An opportunity with foreign buyers
An online real estate expert encouraged Realtors attending the convention to insert themselves into international real estate transactions.
On a panel called “Managed Solutions for Reaching International Buyers,” Eleonore Rojas of Move Inc. said nearly 60% of international transactions happen because of referrals.
Realtors, said Rojas, whose organization operates NAR’s Realtor.com website, can help foreign investors “successfully navigate the U.S. market and find a property that meets their needs.”
An aging homeowner population
Homeowners are keeping their homes longer than ever before, an NAR study released at the convention revealed.
The average tenure in a single home is 10 years, “the highest level we have recorded,” Jessica Lautz, NAR's research director, told the group. That’s up from six years in 2008.
Lautz said homeowners are living in their homes longer, in large part, because they don’t want to sell until property values rise enough to reap them healthy profits.
Another reason: Homeowners who took advantage of ultra-low interest rates to refinance their homes don’t want to give up those good terms by moving into new homes that require new mortgages.
Lautz also noted that the age of the average homebuyer has crept up to 44—higher than in 2010, when the average buyer was 39. And with age often comes money: Today’s buyers’ average household income is $84,500, $10,000 more than in 2010.
The 3 forces that drive housing recovery
The three forces that determine whether real estate has a good year: energy, jobs, and millennials.

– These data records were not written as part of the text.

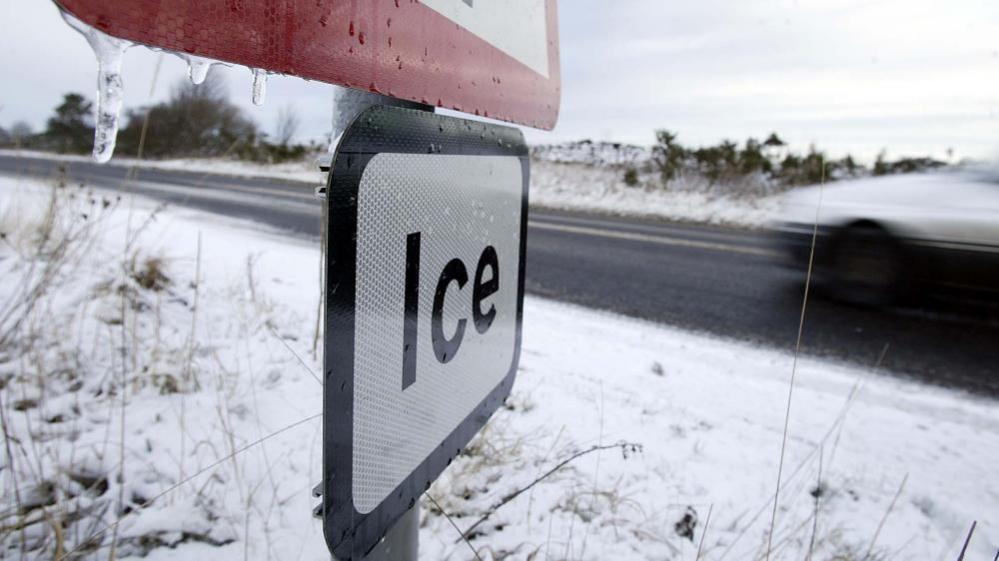 A road sign which says 'ice' can be seen next to a road with snow on either side of it. 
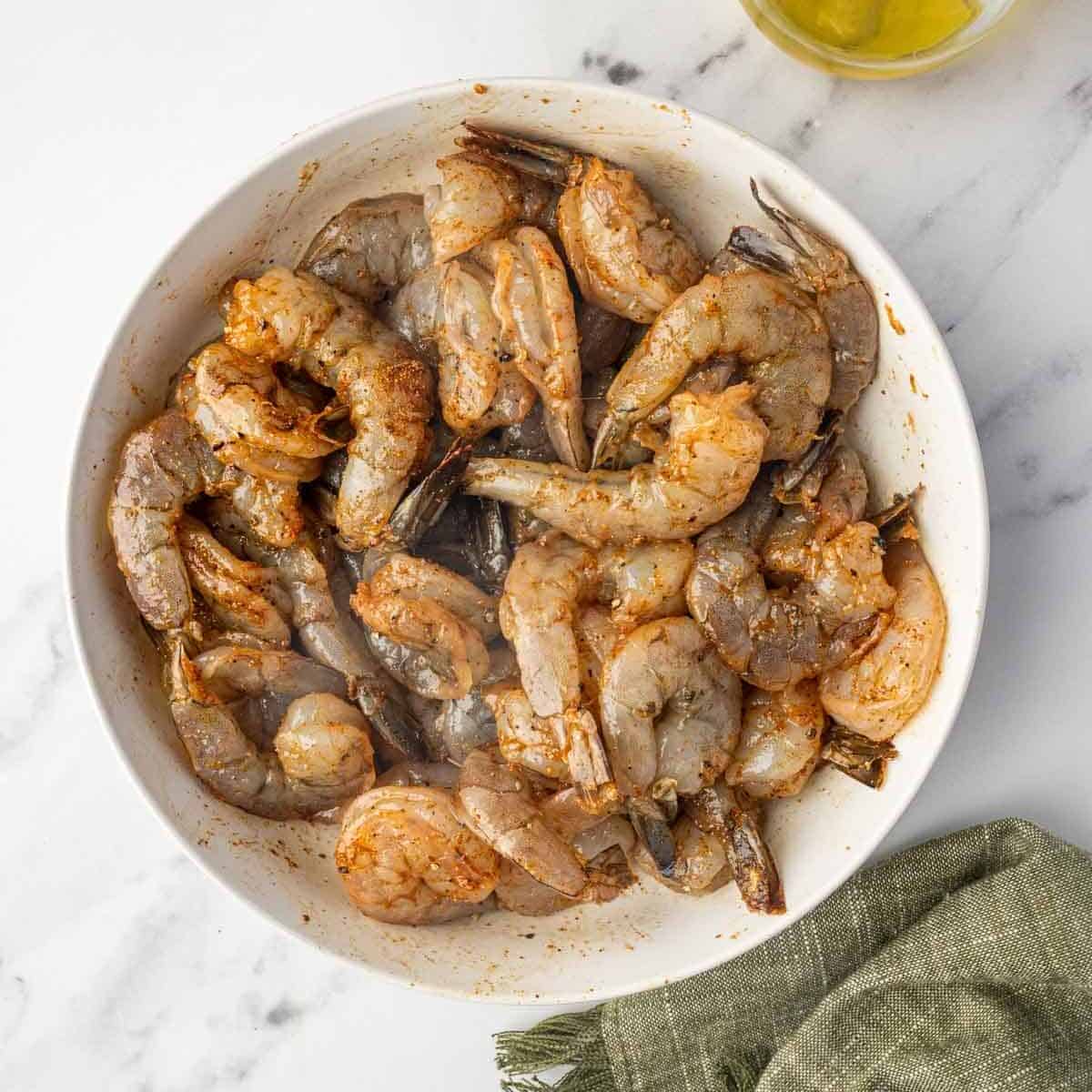 Marinated cajun shrimp in a bowl.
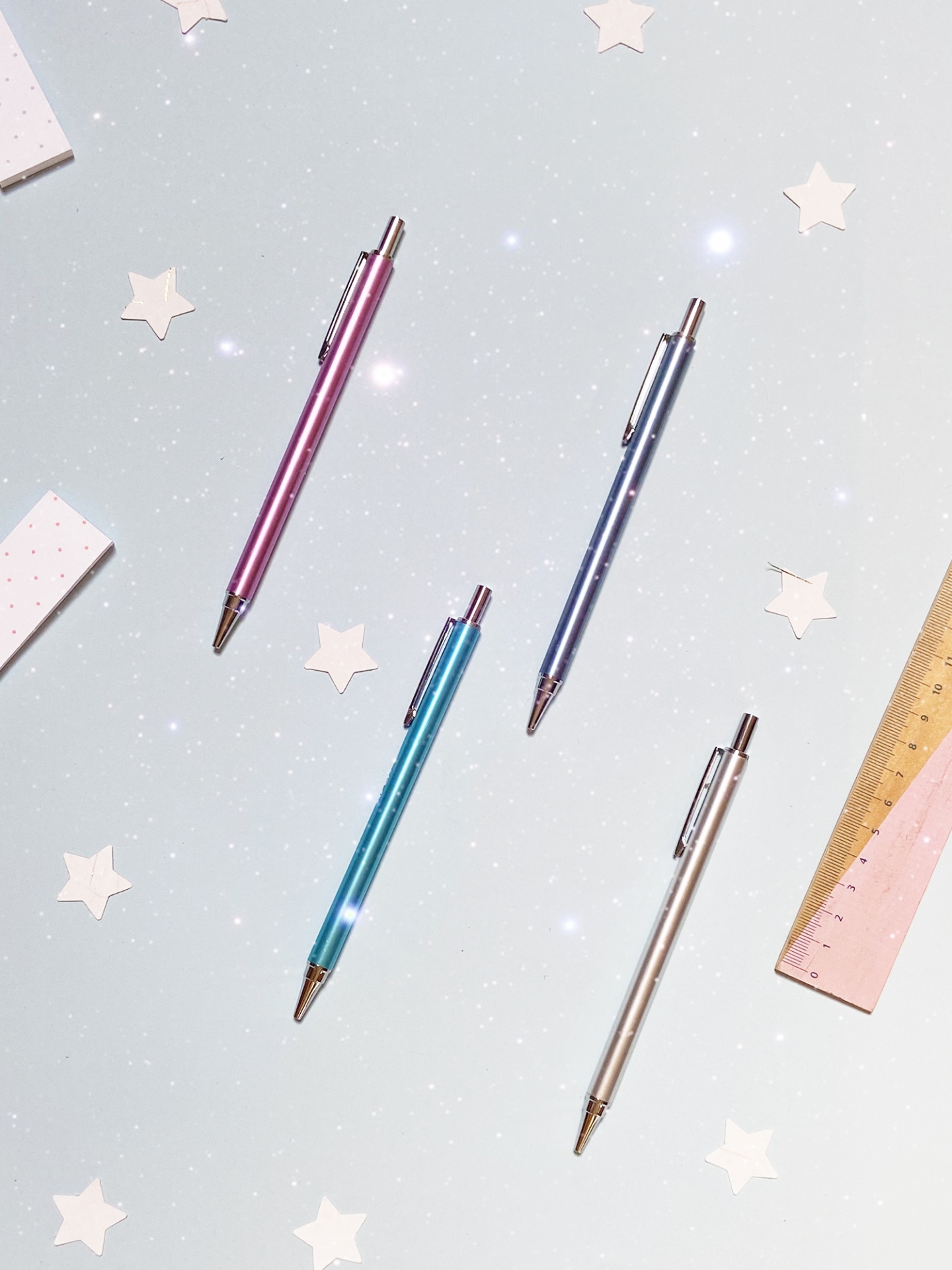 Quatro canetas metálicas coloridas sobre superfície branca com estrelas e réguas ao lado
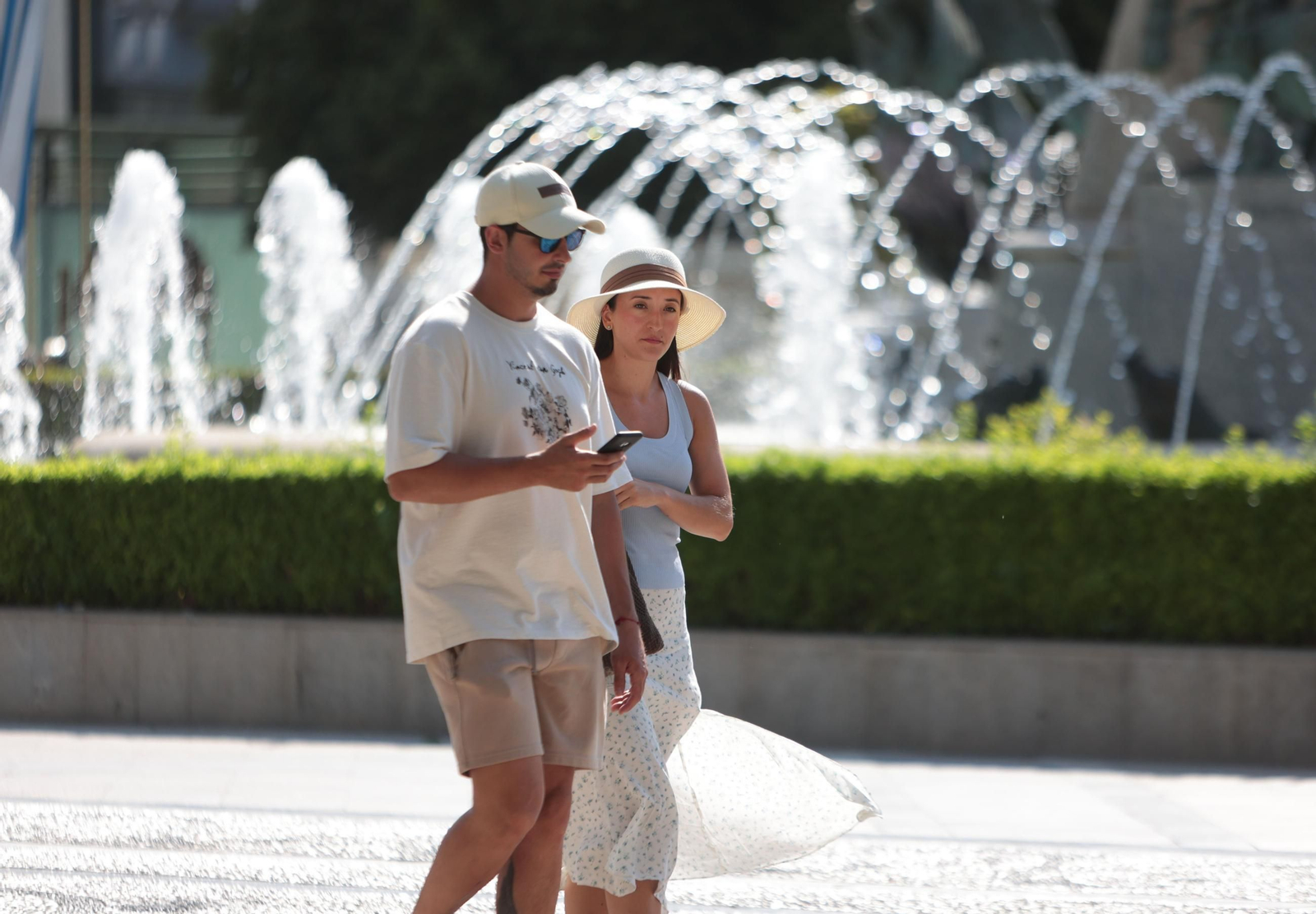 Una pareja camina en la plaza del Arenal de Jrez con gorra y sombrero para protegerse del sol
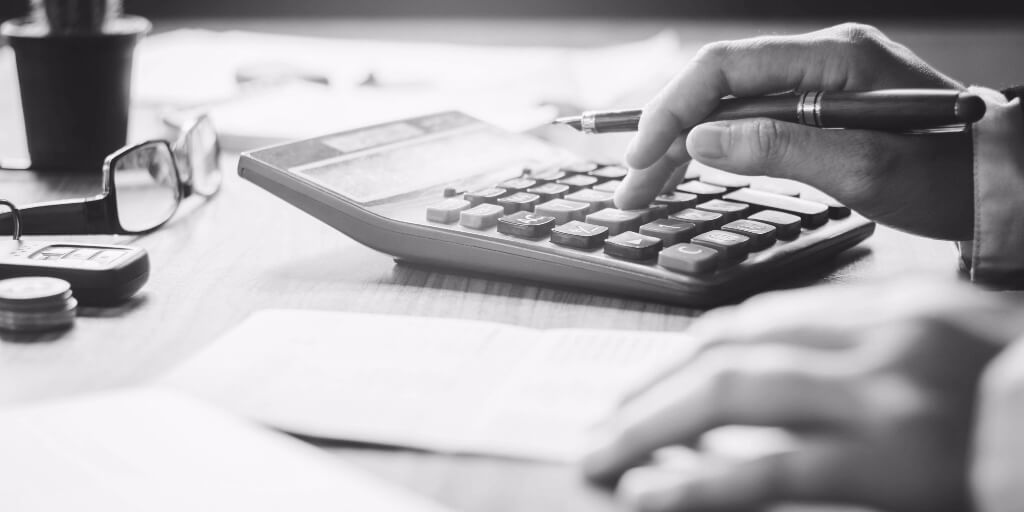 On a desk that holds scattered papers, a small cactus plant, eyeglasses, and a set of car keys, a man’s hand holds a red and gold fountain pen while typing on a calculator, the other hand resting on a slip of paper nearby.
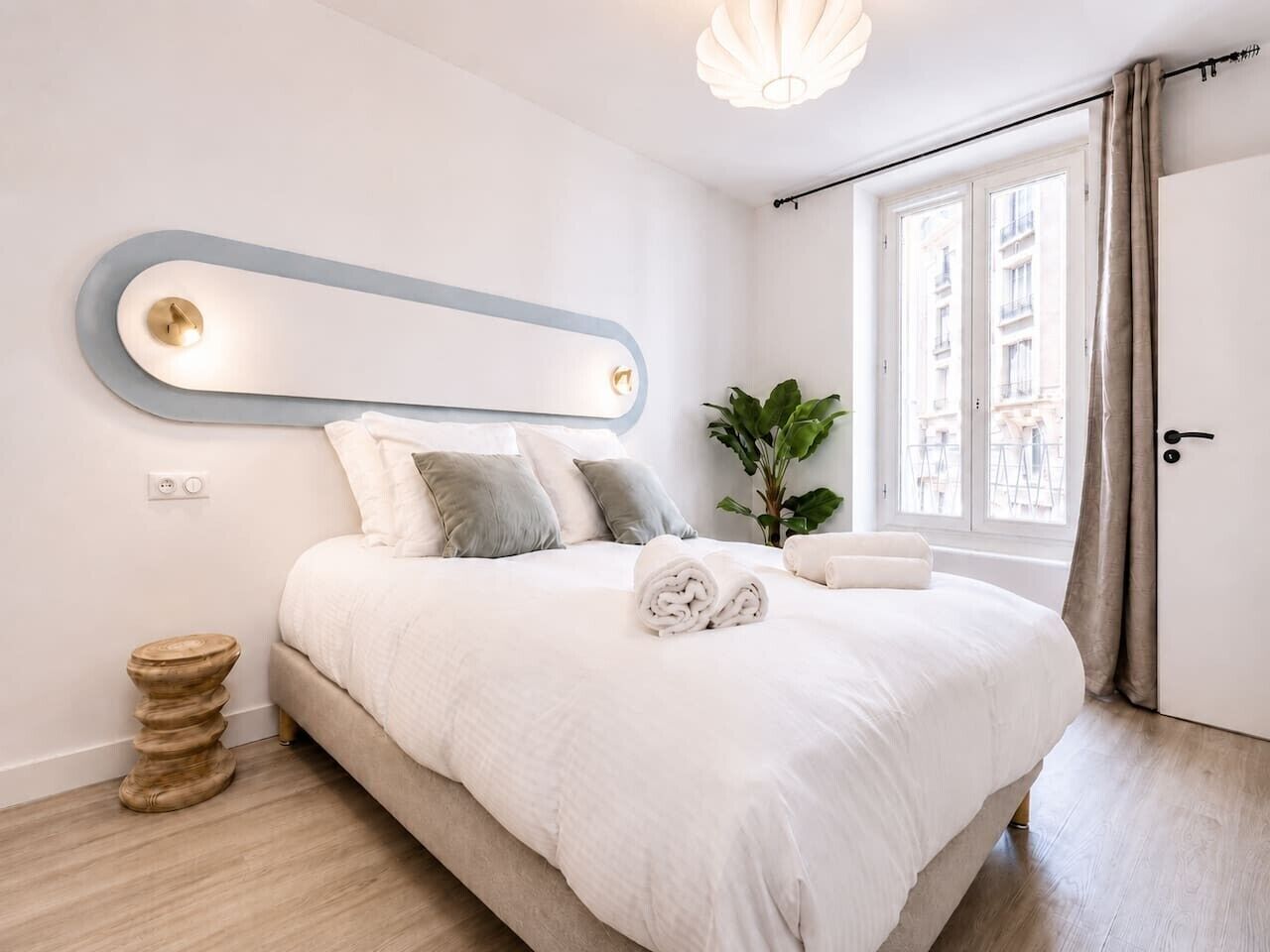 A modern bedroom with a large bed, a bedside table, a mirror, and a window with curtains.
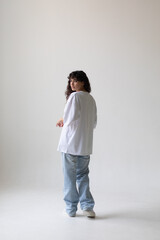 Beautiful brunette with curly hair in a white t-shirt and oversized jeans. Mock-up. Back view.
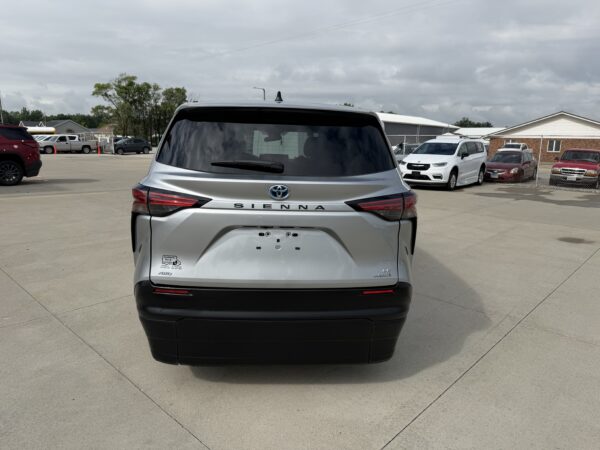 IMG_3377 Rear view of a silver Toyota Sienna minivan parked in a lot, with other vehicles and a chain-link fence in the background under a cloudy sky.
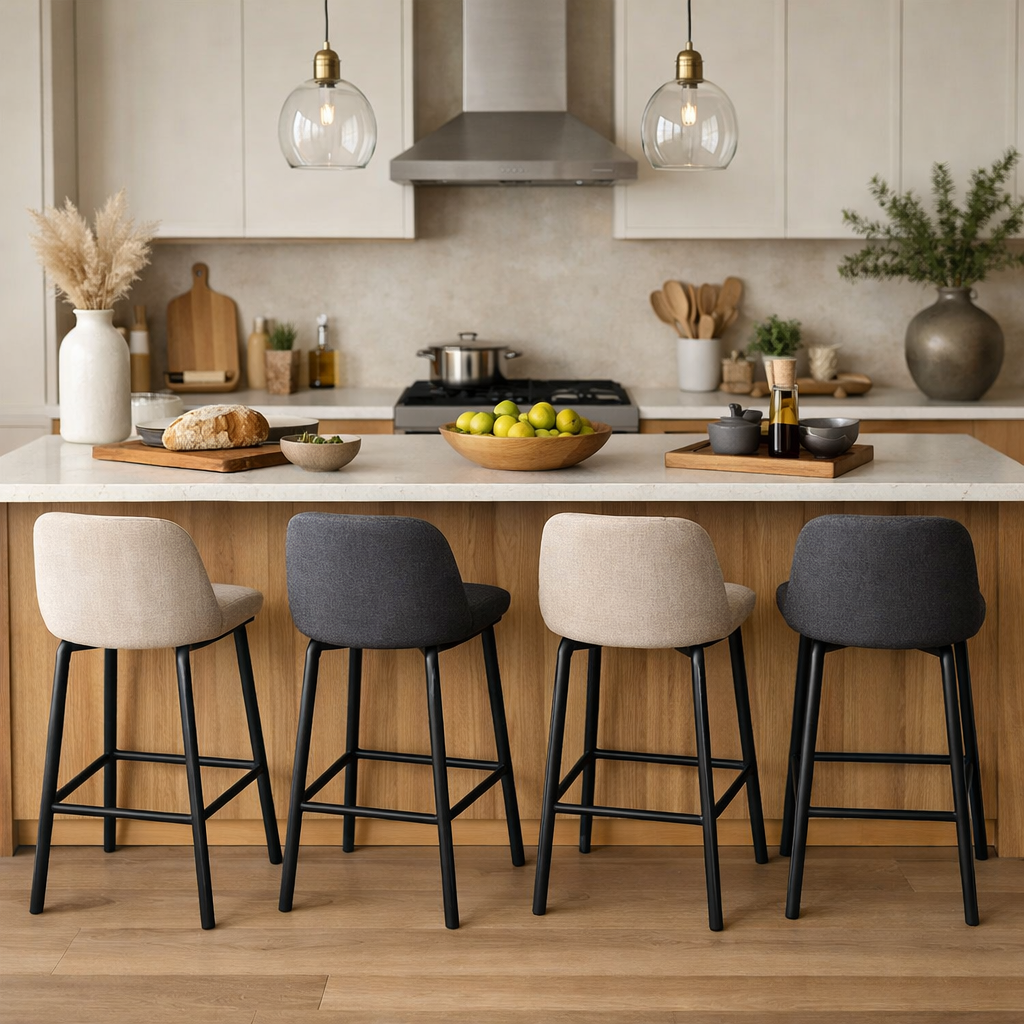 A light brown kitchen island with neutral bar stools, decorated with fresh greens and a loaf of bread.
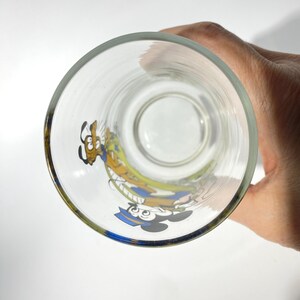 May include: Clear glass with a gold rim featuring colorful cartoon characters Mickey Mouse and Goofy. The glass is round and appears to be empty, with the characters printed on the side. The image is taken from a top-down perspective.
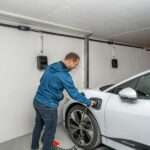 Man charging white electric car in garage.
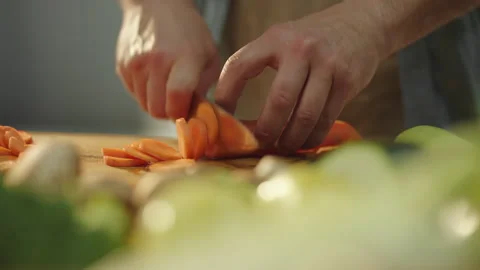 Cutting a carrot with sharp knife Stock Footage 311835237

That was the message David J. Lynn delivered. The founder and CEO of Lynn Capital Management, Lynn chairs an NAR committee that publishes a Top 10 list of issues affecting real estate. Also on the list: healthcare, globalization, water, capital markets, the housing market, manufacturing, and agriculture.
Lynn said when energy costs are low, more manufacturers make products at home, which creates jobs. When people have good jobs, they can buy homes.
Unlike many housing observers, Lynn predicted the natural gas booms in Montana, Wyoming and South Dakota will last for years.
He acknowledge “the sting” that builders are feeling in suburban markets as millennials flock to cities to rent apartments. Still, he said once more young adults, who are delaying marriage and children, tie the knot, the suburban market will rebound.
A call to action
The head of the U.S. Department of Agriculture’s Rural Housing Service called on Realtors to promote government programs that help small town residents buy homes.
Administrator Tony Hernandez said his agency is set to simplify the Single Family Housing Guaranteed Loan Program, which provides 100% financing to homeowners who live in areas of fewer than 10,000 people and who meet credit and income standards.
“There is no shortage of money to help our neighbors,” he told the group. But he said too few rural homeowners take advantage of the assistance, possibly because they don’t know about it. “We need your help. We have to try to find a way to make sure we’re reaching those who need this assistance.”